It was just over a year ago when How I Met Your Mother pulled what I consider its most offensive move to date: the Barney-Patrice gambit that ultimately hooked Robin into realizing her feelings for the duplicitous suitor. It was in this experiment, one that advertised the impossibility of a fit central character drumming up feelings for a full bodied woman, that the CBS sitcom showed off a peak in immaturity — a long-gestating immaturity that had taken form in the hearts of Barney, Robin, and, most of all, our hero Ted.
Ted's vantage point has always celebrated a very specific idea of romantic love. The kind that you'd find in a decade-long Meg Ryan movie.
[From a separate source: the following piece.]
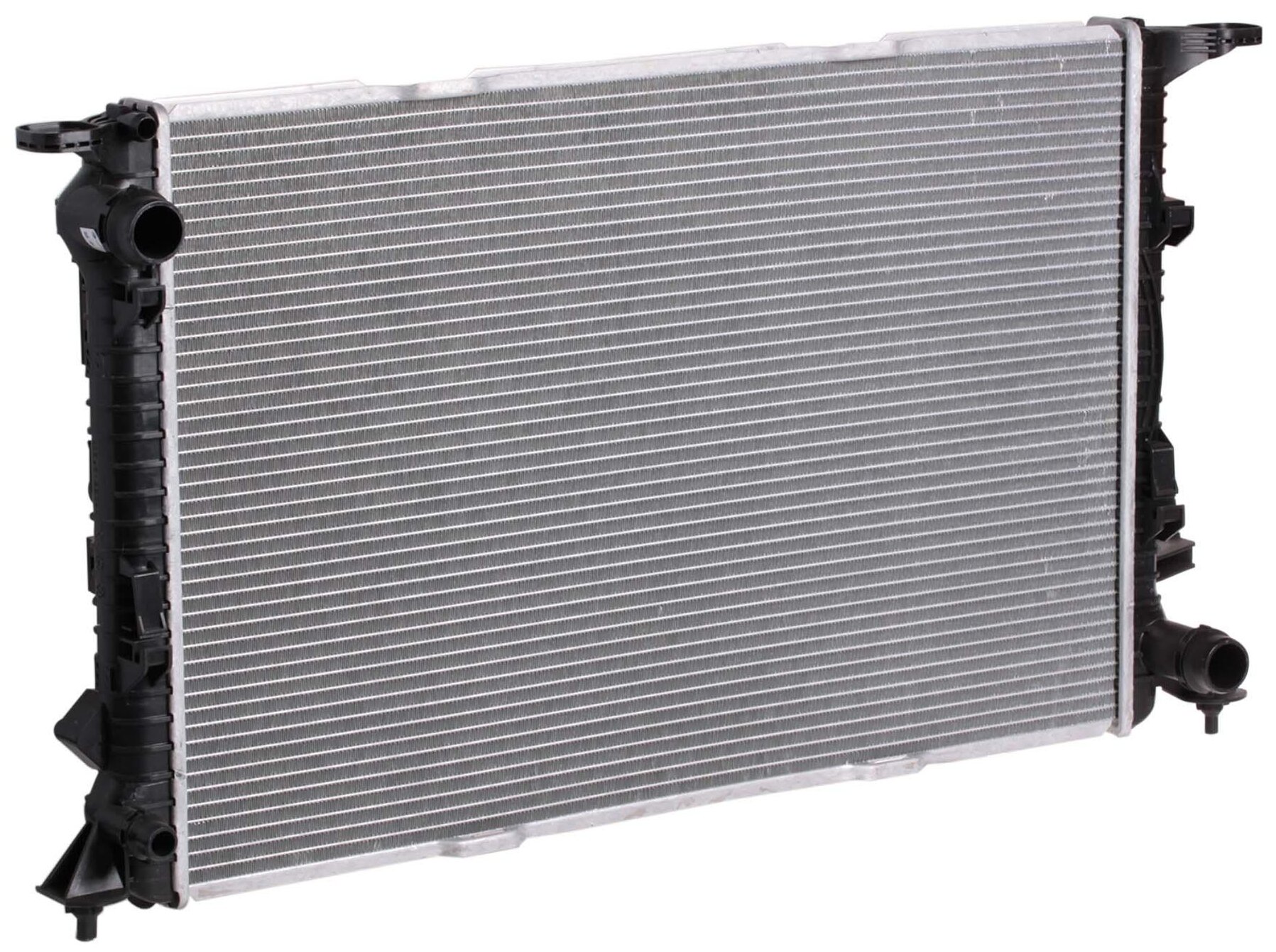 Радиатор LUZAR Радиатор охлаждения для автомобилей A4 (07-)/A5 (07-)/A6 (11-)/A7 (10-) 2.7D/3.0D/2.5i/2.8i/3.0i M/A LRc 1804 LUZAR для Audi A4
In universe, Ted has endured some treacherous punishment for his pursuit of this singular manifestation of love — not even in pursuit of a return of that love, but of the love itself. Ted needs to love the way he understands love to take form. The restrictive, illogical, selfish, immature way that he (and, let's be honest, we) defines this all-consuming phenomenon. And although it's more enchanting to view love this way, it isn't fair.
It isn't fair to the people we love — to Robin, in Ted's case — or to the people doing the loving. To dismiss your feelings is deemed cynical by films and television shows like How I Met Your Mother. To get over someone after years of desperate, agonizing passion would render these years illegitimate. There is only one kind of love, the show has affirmed, and it doesn't change.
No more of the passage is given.